**Activity**
Find the line holding "Coronavirus, dall'Unical 40" in the entries below. Give it again exactly, along with every line after it up to and including the line holding "Gold Standard 100%".

**Stored data**

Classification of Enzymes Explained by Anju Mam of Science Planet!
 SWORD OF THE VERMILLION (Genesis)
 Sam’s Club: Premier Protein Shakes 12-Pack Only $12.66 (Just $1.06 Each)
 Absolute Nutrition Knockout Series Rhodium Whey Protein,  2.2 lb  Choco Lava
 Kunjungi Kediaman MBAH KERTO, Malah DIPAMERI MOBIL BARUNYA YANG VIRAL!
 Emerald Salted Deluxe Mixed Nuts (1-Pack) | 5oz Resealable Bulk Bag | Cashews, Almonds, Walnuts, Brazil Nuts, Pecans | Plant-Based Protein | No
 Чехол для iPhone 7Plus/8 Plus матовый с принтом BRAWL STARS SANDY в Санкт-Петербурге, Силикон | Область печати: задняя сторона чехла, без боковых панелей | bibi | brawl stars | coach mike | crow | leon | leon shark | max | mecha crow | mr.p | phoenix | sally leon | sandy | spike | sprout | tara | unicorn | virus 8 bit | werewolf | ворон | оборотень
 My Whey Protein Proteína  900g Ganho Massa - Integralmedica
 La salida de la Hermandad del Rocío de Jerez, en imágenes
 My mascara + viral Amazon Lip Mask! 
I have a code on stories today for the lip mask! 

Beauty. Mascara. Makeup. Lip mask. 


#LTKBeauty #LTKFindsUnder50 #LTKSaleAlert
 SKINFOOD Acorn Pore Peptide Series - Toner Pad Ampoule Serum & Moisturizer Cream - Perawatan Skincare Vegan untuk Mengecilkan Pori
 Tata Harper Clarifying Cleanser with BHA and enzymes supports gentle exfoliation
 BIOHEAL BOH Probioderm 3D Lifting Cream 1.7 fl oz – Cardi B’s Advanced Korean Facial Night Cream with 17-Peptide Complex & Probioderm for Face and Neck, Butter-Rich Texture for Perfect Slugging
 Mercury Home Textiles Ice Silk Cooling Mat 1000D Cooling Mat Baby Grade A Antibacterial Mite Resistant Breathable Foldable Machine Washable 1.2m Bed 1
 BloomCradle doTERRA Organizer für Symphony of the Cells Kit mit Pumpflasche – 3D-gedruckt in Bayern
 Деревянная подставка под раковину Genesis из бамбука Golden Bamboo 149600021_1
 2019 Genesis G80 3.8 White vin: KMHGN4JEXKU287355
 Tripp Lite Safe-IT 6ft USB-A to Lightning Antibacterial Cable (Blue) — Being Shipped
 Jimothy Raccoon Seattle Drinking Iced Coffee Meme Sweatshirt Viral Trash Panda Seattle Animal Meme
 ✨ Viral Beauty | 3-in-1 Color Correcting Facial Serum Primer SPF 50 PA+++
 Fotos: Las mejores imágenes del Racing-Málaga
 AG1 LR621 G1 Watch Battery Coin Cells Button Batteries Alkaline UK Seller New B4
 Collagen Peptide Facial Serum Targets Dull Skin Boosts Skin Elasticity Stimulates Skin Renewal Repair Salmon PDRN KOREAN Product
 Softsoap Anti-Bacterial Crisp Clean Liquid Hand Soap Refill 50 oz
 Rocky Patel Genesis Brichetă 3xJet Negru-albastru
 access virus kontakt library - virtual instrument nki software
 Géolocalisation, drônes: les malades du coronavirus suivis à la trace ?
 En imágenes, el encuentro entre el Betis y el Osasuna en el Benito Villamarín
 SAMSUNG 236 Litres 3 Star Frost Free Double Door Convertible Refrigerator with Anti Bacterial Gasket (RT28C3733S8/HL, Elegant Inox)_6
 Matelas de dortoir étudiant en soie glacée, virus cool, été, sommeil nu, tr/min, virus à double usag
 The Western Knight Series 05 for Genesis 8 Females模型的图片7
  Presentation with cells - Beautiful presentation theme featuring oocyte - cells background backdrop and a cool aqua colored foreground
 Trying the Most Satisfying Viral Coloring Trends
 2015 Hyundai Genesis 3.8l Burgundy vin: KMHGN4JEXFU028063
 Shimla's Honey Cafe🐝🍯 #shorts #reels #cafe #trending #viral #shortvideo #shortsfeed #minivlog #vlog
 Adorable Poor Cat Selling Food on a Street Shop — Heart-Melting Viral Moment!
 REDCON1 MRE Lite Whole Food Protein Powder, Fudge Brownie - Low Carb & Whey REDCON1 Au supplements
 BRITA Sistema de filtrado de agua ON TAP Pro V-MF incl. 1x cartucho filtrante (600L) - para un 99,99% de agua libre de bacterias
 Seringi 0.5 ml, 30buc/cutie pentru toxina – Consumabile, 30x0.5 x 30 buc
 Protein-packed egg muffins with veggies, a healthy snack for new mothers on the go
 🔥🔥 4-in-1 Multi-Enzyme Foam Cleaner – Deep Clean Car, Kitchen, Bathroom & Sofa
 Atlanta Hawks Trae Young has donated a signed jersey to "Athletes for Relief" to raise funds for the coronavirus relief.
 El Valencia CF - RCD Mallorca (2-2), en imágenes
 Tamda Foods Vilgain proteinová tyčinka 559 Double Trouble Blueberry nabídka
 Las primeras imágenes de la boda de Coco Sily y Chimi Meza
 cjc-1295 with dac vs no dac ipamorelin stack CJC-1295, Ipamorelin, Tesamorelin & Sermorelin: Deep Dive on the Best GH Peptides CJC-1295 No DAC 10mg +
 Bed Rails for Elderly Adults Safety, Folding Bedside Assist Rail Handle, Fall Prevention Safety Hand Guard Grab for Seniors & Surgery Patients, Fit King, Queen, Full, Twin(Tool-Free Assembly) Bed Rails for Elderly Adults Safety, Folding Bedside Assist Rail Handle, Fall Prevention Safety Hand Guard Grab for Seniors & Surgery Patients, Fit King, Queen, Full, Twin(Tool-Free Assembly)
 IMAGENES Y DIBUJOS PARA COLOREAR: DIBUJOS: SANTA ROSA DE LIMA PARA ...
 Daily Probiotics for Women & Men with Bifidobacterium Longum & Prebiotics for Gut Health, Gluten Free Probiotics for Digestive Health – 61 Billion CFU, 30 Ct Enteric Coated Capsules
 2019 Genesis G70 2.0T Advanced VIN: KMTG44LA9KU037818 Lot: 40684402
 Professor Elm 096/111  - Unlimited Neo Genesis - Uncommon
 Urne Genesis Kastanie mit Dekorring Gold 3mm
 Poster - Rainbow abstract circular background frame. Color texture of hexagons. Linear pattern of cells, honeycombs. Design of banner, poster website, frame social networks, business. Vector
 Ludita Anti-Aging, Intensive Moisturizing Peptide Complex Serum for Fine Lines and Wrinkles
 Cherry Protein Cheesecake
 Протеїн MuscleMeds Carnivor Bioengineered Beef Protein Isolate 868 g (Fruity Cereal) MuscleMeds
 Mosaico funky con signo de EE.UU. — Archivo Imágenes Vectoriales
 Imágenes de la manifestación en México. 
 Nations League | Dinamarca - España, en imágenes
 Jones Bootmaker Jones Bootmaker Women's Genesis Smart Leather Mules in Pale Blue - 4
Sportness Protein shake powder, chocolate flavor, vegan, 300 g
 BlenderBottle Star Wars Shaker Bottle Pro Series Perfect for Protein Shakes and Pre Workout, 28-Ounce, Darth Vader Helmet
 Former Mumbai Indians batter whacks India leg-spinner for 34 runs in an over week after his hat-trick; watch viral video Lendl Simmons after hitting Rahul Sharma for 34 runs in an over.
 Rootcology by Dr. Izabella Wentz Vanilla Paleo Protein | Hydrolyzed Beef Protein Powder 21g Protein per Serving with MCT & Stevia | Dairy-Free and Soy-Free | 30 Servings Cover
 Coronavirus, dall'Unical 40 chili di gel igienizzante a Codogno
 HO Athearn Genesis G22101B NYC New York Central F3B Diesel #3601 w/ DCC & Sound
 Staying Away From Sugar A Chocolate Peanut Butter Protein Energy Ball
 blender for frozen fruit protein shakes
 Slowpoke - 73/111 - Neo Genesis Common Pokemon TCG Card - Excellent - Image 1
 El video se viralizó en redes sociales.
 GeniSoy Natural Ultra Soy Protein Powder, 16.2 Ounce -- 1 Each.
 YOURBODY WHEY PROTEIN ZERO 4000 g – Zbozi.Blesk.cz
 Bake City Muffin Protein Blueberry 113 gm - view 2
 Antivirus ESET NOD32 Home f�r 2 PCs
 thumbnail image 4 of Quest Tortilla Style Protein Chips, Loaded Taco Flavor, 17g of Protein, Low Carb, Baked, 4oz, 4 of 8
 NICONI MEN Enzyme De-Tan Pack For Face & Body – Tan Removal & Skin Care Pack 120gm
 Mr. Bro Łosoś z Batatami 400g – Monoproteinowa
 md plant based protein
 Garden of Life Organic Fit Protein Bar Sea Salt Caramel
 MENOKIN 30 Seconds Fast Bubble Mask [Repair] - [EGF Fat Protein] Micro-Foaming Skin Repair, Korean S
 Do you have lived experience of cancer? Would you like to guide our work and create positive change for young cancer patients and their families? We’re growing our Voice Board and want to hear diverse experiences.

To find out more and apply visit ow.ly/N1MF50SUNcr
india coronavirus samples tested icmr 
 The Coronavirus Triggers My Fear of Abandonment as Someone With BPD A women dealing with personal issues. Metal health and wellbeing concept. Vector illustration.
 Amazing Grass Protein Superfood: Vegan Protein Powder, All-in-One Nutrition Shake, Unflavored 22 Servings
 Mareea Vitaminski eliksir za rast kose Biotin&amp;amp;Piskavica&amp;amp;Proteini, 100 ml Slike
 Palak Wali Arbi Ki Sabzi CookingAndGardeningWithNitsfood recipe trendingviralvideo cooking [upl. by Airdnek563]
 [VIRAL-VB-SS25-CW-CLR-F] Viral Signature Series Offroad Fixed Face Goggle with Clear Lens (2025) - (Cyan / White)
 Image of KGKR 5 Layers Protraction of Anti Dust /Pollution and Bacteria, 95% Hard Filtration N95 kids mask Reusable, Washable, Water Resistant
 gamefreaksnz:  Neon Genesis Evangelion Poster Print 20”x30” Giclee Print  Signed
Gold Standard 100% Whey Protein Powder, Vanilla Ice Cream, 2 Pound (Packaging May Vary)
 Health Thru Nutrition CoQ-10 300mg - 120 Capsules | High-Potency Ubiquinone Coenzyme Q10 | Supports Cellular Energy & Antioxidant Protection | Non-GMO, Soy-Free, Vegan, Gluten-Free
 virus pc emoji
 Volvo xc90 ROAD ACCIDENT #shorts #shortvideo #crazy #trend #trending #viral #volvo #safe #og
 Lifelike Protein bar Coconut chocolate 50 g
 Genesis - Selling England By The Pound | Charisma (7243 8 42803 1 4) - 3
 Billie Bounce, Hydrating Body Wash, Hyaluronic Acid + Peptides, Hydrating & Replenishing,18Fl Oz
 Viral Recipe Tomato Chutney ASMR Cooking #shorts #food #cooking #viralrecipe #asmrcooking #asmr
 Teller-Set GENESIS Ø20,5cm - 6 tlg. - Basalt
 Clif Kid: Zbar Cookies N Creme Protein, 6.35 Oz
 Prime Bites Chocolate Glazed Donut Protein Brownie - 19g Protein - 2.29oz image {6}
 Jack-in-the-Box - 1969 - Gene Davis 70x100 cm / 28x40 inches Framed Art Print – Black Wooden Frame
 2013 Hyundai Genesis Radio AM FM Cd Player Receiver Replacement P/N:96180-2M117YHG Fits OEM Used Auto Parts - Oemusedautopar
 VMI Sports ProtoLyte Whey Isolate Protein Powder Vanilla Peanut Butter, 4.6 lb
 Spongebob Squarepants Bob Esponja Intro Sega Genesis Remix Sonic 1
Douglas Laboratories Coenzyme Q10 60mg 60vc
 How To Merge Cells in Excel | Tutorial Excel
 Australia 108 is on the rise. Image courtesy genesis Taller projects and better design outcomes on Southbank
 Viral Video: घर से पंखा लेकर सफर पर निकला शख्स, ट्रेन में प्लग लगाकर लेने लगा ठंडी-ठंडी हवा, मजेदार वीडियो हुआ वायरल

**Answer to this problem**
 Coronavirus, dall'Unical 40 chili di gel igienizzante a Codogno
 HO Athearn Genesis G22101B NYC New York Central F3B Diesel #3601 w/ DCC & Sound
 Staying Away From Sugar A Chocolate Peanut Butter Protein Energy Ball
 blender for frozen fruit protein shakes
 Slowpoke - 73/111 - Neo Genesis Common Pokemon TCG Card - Excellent - Image 1
 El video se viralizó en redes sociales.
 GeniSoy Natural Ultra Soy Protein Powder, 16.2 Ounce -- 1 Each.
 YOURBODY WHEY PROTEIN ZERO 4000 g – Zbozi.Blesk.cz
 Bake City Muffin Protein Blueberry 113 gm - view 2
 Antivirus ESET NOD32 Home f�r 2 PCs
 thumbnail image 4 of Quest Tortilla Style Protein Chips, Loaded Taco Flavor, 17g of Protein, Low Carb, Baked, 4oz, 4 of 8
 NICONI MEN Enzyme De-Tan Pack For Face & Body – Tan Removal & Skin Care Pack 120gm
 Mr. Bro Łosoś z Batatami 400g – Monoproteinowa
 md plant based protein
 Garden of Life Organic Fit Protein Bar Sea Salt Caramel
 MENOKIN 30 Seconds Fast Bubble Mask [Repair] - [EGF Fat Protein] Micro-Foaming Skin Repair, Korean S
 Do you have lived experience of cancer? Would you like to guide our work and create positive change for young cancer patients and their families? We’re growing our Voice Board and want to hear diverse experiences.

To find out more and apply visit ow.ly/N1MF50SUNcr
india coronavirus samples tested icmr 
 The Coronavirus Triggers My Fear of Abandonment as Someone With BPD A women dealing with personal issues. Metal health and wellbeing concept. Vector illustration.
 Amazing Grass Protein Superfood: Vegan Protein Powder, All-in-One Nutrition Shake, Unflavored 22 Servings
 Mareea Vitaminski eliksir za rast kose Biotin&amp;amp;Piskavica&amp;amp;Proteini, 100 ml Slike
 Palak Wali Arbi Ki Sabzi CookingAndGardeningWithNitsfood recipe trendingviralvideo cooking [upl. by Airdnek563]
 [VIRAL-VB-SS25-CW-CLR-F] Viral Signature Series Offroad Fixed Face Goggle with Clear Lens (2025) - (Cyan / White)
 Image of KGKR 5 Layers Protraction of Anti Dust /Pollution and Bacteria, 95% Hard Filtration N95 kids mask Reusable, Washable, Water Resistant
 gamefreaksnz:  Neon Genesis Evangelion Poster Print 20”x30” Giclee Print  Signed
Gold Standard 100% Whey Protein Powder, Vanilla Ice Cream, 2 Pound (Packaging May Vary)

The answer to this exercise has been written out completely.